THE PROBLEM: In this exercise, restate the listing word for word.

RECORDS TO USE:
• • • • • • •

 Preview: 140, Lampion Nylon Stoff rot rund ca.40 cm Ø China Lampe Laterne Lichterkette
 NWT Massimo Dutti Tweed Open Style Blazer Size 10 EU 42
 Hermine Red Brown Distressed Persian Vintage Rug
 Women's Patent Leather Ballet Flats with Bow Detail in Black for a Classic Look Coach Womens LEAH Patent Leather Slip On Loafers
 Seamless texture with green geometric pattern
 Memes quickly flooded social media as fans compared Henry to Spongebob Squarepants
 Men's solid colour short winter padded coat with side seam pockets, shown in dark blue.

• • • • • • •

ANSWER TO THIS EXERCISE:
 Preview: 140, Lampion Nylon Stoff rot rund ca.40 cm Ø China Lampe Laterne Lichterkette
 NWT Massimo Dutti Tweed Open Style Blazer Size 10 EU 42
 Hermine Red Brown Distressed Persian Vintage Rug
 Women's Patent Leather Ballet Flats with Bow Detail in Black for a Classic Look Coach Womens LEAH Patent Leather Slip On Loafers
 Seamless texture with green geometric pattern
 Memes quickly flooded social media as fans compared Henry to Spongebob Squarepants
 Men's solid colour short winter padded coat with side seam pockets, shown in dark blue.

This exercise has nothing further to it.